● Supplied data:

════════

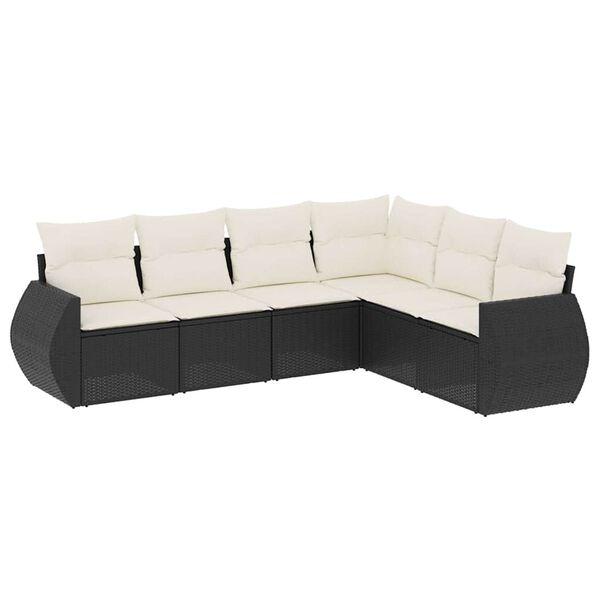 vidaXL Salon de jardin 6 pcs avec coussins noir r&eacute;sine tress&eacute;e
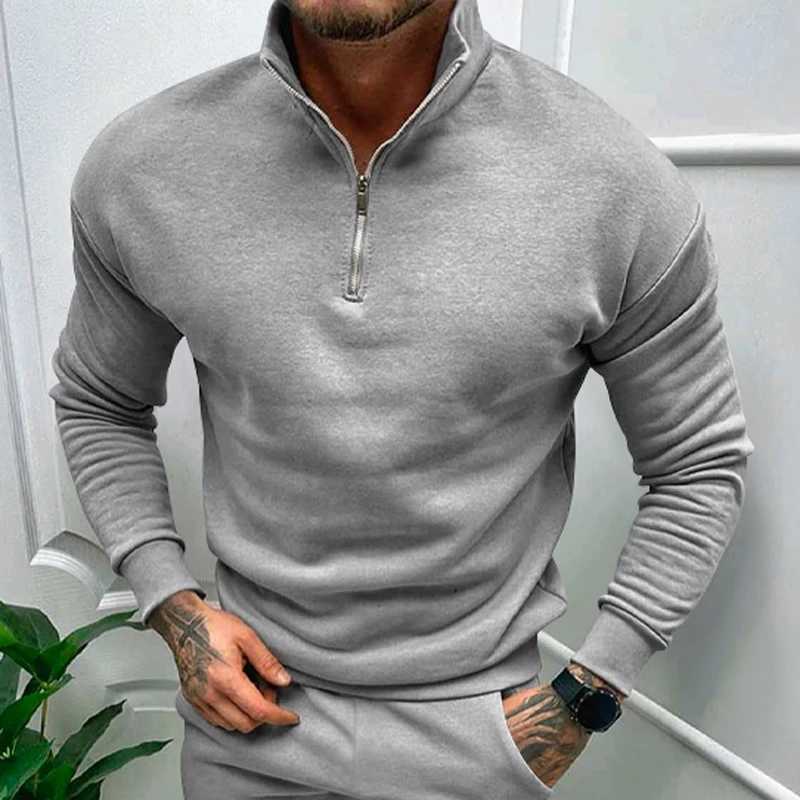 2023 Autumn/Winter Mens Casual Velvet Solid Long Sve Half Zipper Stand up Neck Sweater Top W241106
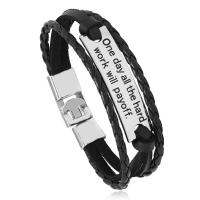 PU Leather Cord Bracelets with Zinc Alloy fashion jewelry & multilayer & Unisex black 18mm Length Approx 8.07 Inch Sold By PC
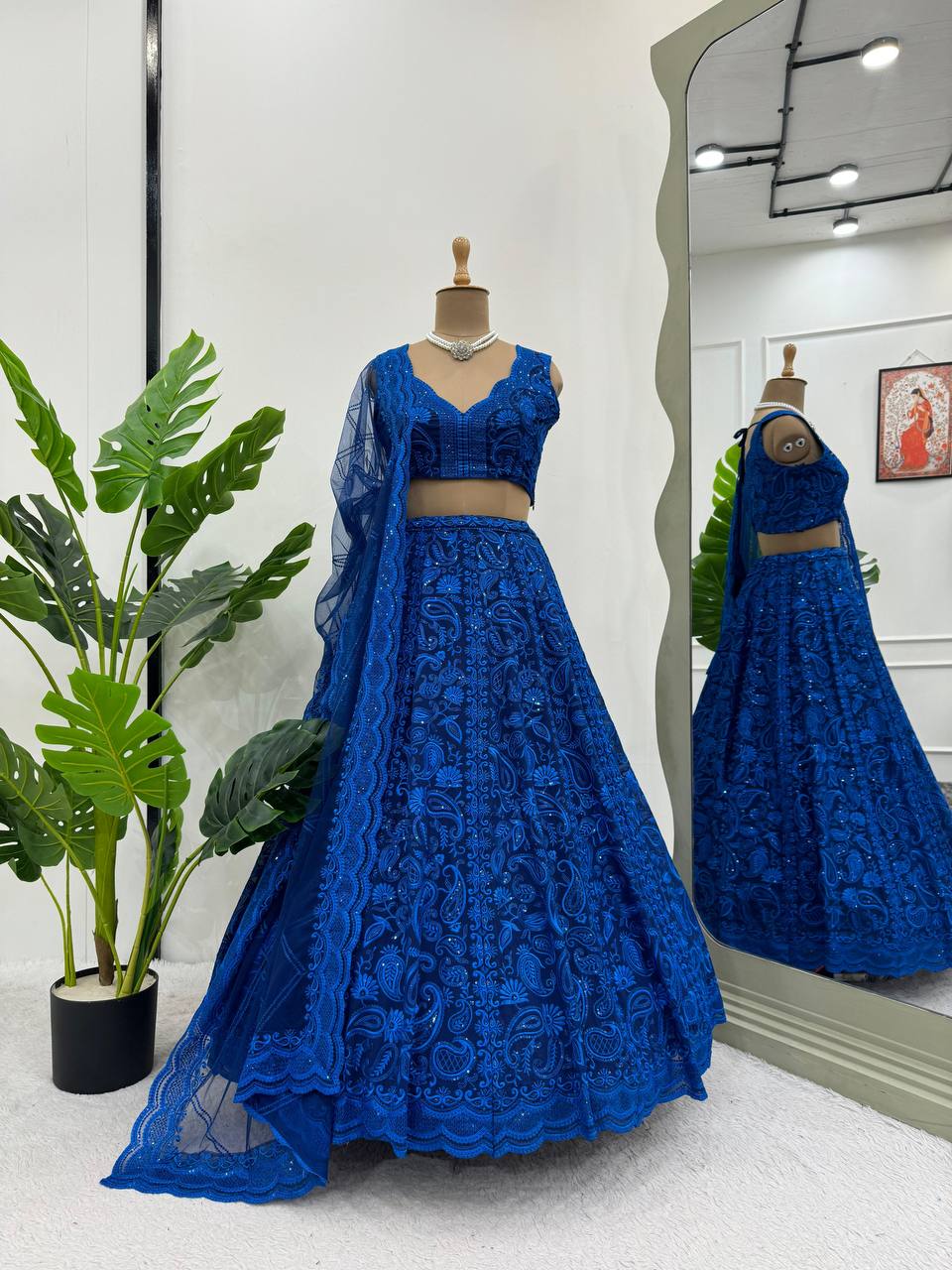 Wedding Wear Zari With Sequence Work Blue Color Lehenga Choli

════════

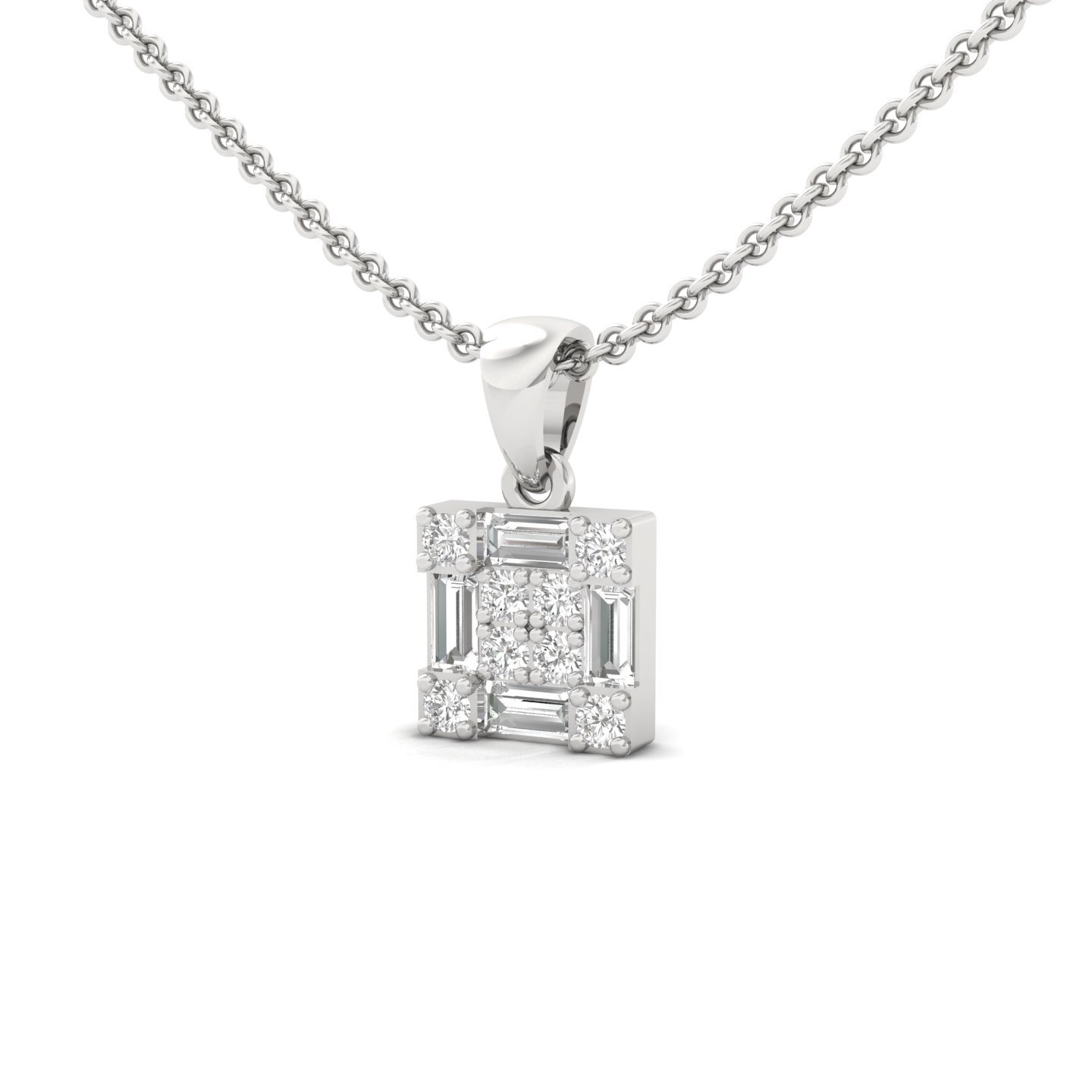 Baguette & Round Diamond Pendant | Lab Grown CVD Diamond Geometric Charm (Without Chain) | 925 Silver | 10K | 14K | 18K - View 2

════════

● What you should do: Reproduce exactly, with no pictures, the lines above from the one holding "vidaXL Salon de" to the one holding "PU Leather Cord", inclusive.

● Written solution:
 vidaXL Salon de jardin 6 pcs avec coussins noir r&eacute;sine tress&eacute;e
 2023 Autumn/Winter Mens Casual Velvet Solid Long Sve Half Zipper Stand up Neck Sweater Top W241106
 PU Leather Cord Bracelets with Zinc Alloy fashion jewelry & multilayer & Unisex black 18mm Length Approx 8.07 Inch Sold By PC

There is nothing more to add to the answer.